Antes que ele possa responder entregaram para ele o meu copo com latte, fazendo com o que mesmo coloque a tampa e escreva meu nome no protetor de mão em letra cursiva e com um coração exagerado do lado. Agradeço baixo, deixando o dinheiro no balcão e me virando para procurar um lugar pra sentar, quando sinto algo quente cair sobre meu pescoço descendo ao meu busco. É, alguém tinha esbarrado em mim e derrubado chá quente em minha roupa.

— Que merda! — digo irritada levantando um pouco a minha blusa para tentar limpar minha pele com a mesma que também estava encharcada. — Você não olha por onde anda não? Por acaso é cego?

— Sinto em lhe informar que sim. Eu sinto muito senhora. — o mesmo diz com um tom de voz assustado e eu solto uma risada abafada.

Encaro o mesmo por um segundo após o que ele diz e noto que o mesmo usa óculos escuros. Desço um pouco meu olhar e vejo que ele segura um bastão em sua destra, daqueles que cegos usam para conseguir "ver" para onde está indo... Droga, ele é realmente cego.

— Não tá tudo bem, não foi nada demais, eu que peço desculpas. — falo meio sem jeito, já ignorando completamente minha roupa molhada pois esse não é o maior dos problemas.

— Não é você quem tem que pedir desculpas sou eu, será que tem alguma forma de eu te recompensar? — ele pergunta e eu torço o lábio.

— Qual é o seu nome?

— Kile. — ele ajeita o óculos no rosto. — E o seu?

— É Ashlee, um prazer te conhecer. — sorriu de canto. — Sabe Kile, seria um prazer se me acompanhasse enquanto eu bebo meu latte.

— Seria um prazer. — ele diz e sorriu.

Saiu um pouco na frente sem certeza se o mesmo vai me seguir, por isso pauso um minuto olhando pra trás para ver se ele me acompanha, e sim, acompanha. Não sei direto como funciona essa coisa de cegueira, sinceramente nunca tive que pensar nisso até conhecer um de verdade, parece loucura imaginar que ele segui suas direções e sentidos atrás do tato, só faz com que eu me surpreenda ainda mais com o que o ser humano é capaz.

— É aqui. — digo parando de andar e me sentando, Kile faz o mesmo e se senta na cadeira em minha frente, apoiando seu bastão no encosto. — Eu sempre me sento aqui.

— Noto que vem muito a essa cafeteria então. — ele diz.

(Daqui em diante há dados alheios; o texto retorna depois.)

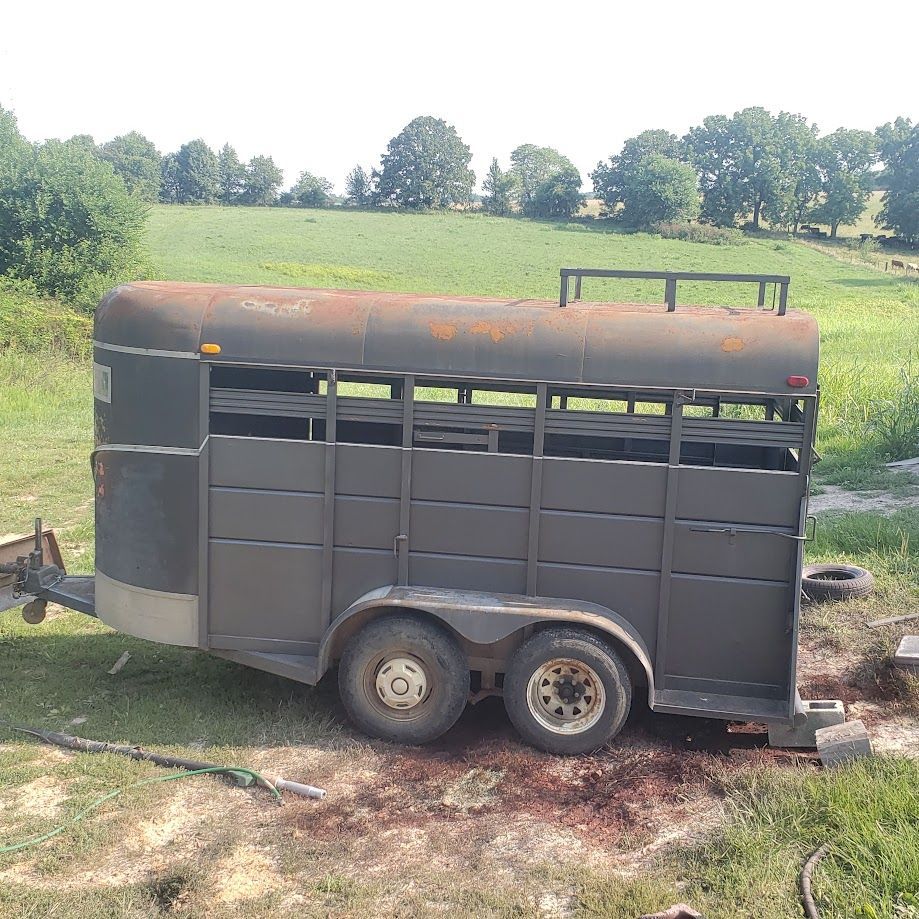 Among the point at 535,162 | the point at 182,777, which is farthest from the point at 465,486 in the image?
the point at 535,162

— Todos os dias, nesse mesmo horário depois da aula. — digo simplesmente como se  citar minha rotina para um desconhecido parecesse normal.

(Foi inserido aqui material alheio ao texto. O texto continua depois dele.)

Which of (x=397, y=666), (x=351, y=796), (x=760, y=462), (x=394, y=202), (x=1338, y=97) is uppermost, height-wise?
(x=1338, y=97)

— Então já sei onde te encontrar. — ele sorri e eu murmuro uma confirmação. — Com o que você trabalha, Ashlee?

— Sou professora. — dou uma pausa para beber um gole do meu latte antes que ele esfrie e então continuo: — Na escola no fim da rua, eles são da terceira série, uns pestinhas. E você?

— Eu tenho uma irmã da mesma idade então sei o que quer diz. — ele diz em tom de brincadeira fazendo nos dois rirmos. — Eu sou pintor.

— Pintor? — digo tentando não parecer impressionada, mas tenho certeza que o tom em minha voz deixou isso explícito. — Desculpa, quer dizer hm... Uau isso é incrível!

— Tudo bem, todo mundo fica assustado quando digo isso, eles pensam "como um cego consegui pintar?" mas não esquenta até que sua reação foi a mesmo exagerada que já presenciei. — ele respondi fazendo eu me sentir péssima e envergonhada. — Não sou um pintor profissional mas eu vendo alguns dos meus quadros.

— Devem ser lindos. — sorriu de canto.

— Espero que sim. — ele diz bem humorado. — Sabe as pessoas acham que precisamos enxergar para ver e entender as coisas, mas isso não é verdade, graças a Deus que não porque eu estaria perdido. — ela ri e eu apenas observo sorrindo. — Eu pinto aquilo que sinto, meus sentimentos fazem eu enxergar as coisas talvez não da forma certa, mas da minha forma.

— Eu adoraria ver algum dos seus quadros um dia. — digo me encostando no apoio do assento e dando mais um gole no meu latte. — É sério o seu discurso me deixou curiosa.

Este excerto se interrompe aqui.